As someone who likes to write, I have always heard the phrase “you learn a lot about the author from their works”, not because they put themselves as a character in the text (though some do), but because everything they write has a piece of them attached to it. They have their own flair, their own identity woven into the sentences.
And so the fact that, as described in “Introduction” by Ben Blatt, two statisticians were able to find out the authorship due to the variance of different words used by the two proposed authors makes a lot of sense. Of course, they would have different writing styles that would be more or less consistent, regardless of the subject matter. They are different people. The fact that technology makes it so much easier to make this an option is where things get more digital humanistic.

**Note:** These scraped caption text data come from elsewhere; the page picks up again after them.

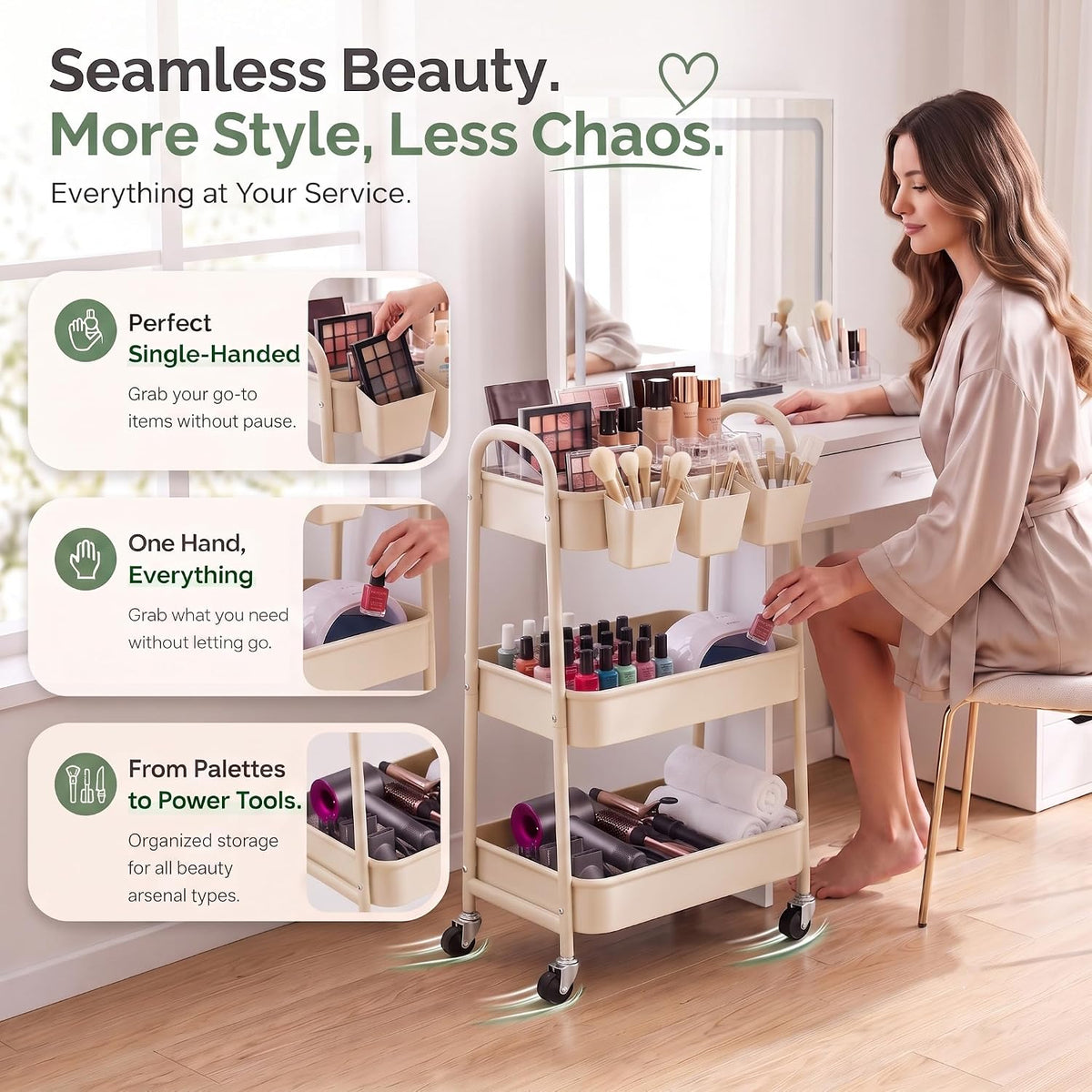 Beige Rolling Cart and Heavy Duty Kitchen Cart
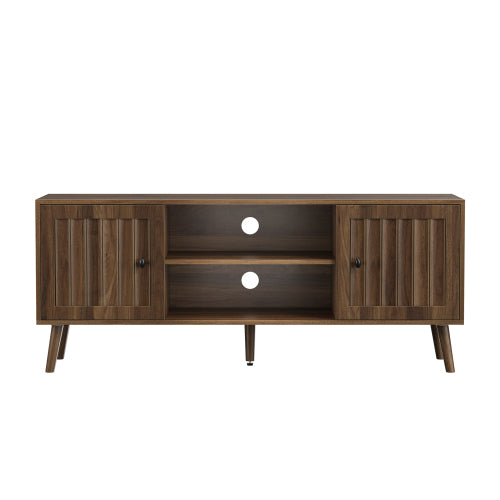55 Inch Walnut Vertical Fluted Door Mid-Century TV Stand Adjustable Shelf Media Console Cabinet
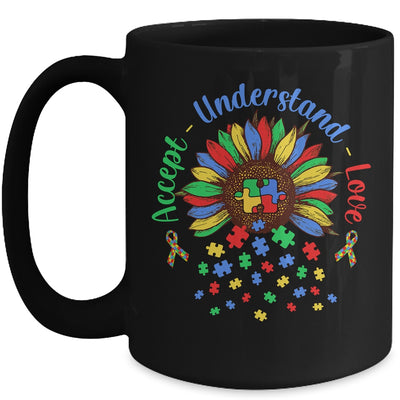 Autism Awareness Accept Understand Love ASD Rainbow Flower Mug | teecentury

The opportunity to ask more questions about the work, and have the realistic and appropriate means to answer them, is a part of the digital humanities that I absolutely adore. As Blatt states perfectly, “The research won’t be painfully complex. It doesn’t need to be, and shouldn’t be, in order to be worthwhile”(7). This opportunity to use technology to ask and answer questions, while it can solve generations of head-scratching, can also just find something interesting to bring up in casual conversation. There is so much that can be questioned with this new resource of problem-solving. The opportunity for more intrigue and expanding the horizon of more humanistic pursuits with classically STEM methods of deduction is exactly what we need in the world.